### Input data ###

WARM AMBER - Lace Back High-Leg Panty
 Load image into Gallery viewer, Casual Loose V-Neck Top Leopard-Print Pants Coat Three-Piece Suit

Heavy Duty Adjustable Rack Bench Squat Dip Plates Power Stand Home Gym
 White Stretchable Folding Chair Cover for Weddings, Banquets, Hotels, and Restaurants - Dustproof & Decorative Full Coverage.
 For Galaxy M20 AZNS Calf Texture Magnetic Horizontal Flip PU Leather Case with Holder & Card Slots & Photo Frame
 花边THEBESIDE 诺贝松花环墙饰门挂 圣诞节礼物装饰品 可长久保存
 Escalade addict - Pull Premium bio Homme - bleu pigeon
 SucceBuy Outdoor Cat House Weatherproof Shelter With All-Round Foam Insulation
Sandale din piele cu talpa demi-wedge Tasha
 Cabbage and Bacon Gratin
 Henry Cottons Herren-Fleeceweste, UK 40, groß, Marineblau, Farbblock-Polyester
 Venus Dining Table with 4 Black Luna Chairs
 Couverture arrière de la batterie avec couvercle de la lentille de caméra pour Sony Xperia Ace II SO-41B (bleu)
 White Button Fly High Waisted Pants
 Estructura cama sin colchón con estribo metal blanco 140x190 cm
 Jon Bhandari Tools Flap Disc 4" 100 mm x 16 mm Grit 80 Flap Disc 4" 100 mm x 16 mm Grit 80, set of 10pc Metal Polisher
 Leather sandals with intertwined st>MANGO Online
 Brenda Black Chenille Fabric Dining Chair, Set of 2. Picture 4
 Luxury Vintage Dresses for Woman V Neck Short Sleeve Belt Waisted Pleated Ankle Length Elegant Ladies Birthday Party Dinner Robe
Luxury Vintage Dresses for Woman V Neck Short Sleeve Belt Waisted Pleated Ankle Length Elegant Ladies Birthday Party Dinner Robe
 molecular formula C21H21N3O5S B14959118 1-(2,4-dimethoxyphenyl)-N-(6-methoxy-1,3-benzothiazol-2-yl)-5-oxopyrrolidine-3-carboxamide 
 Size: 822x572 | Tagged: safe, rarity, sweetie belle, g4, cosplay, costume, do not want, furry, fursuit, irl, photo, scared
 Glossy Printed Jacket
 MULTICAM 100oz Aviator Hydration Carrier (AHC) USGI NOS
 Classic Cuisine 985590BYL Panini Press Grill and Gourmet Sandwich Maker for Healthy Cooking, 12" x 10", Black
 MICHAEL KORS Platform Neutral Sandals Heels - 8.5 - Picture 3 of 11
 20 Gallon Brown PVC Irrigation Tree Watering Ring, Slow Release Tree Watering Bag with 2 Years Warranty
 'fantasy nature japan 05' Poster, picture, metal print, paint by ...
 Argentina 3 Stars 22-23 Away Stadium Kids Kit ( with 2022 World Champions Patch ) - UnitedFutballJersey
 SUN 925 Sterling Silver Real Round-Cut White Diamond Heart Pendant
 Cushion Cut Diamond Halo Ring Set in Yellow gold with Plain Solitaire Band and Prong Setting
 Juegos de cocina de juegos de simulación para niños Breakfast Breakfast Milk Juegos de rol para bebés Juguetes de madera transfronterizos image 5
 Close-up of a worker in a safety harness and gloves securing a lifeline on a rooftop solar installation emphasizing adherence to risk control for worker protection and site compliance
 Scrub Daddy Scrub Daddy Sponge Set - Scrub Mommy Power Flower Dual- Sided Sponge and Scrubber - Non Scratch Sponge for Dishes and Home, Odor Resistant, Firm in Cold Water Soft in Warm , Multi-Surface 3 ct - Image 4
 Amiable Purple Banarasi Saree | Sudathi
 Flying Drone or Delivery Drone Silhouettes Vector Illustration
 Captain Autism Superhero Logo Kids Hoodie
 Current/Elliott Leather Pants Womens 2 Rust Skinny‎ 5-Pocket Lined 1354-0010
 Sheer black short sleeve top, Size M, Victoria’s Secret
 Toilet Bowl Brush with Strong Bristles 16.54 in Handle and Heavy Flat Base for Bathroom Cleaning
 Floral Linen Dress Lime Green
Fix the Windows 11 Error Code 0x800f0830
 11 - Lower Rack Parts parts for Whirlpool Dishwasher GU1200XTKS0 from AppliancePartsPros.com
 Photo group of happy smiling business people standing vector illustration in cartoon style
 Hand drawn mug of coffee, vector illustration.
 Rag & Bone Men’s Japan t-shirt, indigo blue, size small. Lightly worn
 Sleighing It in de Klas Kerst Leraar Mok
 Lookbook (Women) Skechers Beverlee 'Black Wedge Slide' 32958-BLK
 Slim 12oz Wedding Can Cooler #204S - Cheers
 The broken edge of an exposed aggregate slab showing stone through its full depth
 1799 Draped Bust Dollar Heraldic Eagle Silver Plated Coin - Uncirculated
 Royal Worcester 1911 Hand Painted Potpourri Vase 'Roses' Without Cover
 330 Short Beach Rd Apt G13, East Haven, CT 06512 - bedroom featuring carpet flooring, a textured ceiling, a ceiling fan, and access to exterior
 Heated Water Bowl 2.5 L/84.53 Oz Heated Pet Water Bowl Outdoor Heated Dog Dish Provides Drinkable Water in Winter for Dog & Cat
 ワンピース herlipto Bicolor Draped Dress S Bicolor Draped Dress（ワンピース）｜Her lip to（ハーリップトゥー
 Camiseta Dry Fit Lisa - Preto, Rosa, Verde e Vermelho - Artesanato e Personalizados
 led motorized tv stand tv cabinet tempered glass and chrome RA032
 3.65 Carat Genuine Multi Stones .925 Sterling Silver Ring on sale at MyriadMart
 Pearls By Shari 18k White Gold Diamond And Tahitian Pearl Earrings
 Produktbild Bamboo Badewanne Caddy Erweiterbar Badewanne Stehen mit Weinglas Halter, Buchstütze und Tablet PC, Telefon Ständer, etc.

###

_What is needed_
Above are records; repeat only the lines starting at the line with "Lookbook (Women) Skechers" and ending at the line with "Royal Worcester 1911", exactly as they appear, both included.

_Solution to this task_
 Lookbook (Women) Skechers Beverlee 'Black Wedge Slide' 32958-BLK
 Slim 12oz Wedding Can Cooler #204S - Cheers
 The broken edge of an exposed aggregate slab showing stone through its full depth
 1799 Draped Bust Dollar Heraldic Eagle Silver Plated Coin - Uncirculated
 Royal Worcester 1911 Hand Painted Potpourri Vase 'Roses' Without Cover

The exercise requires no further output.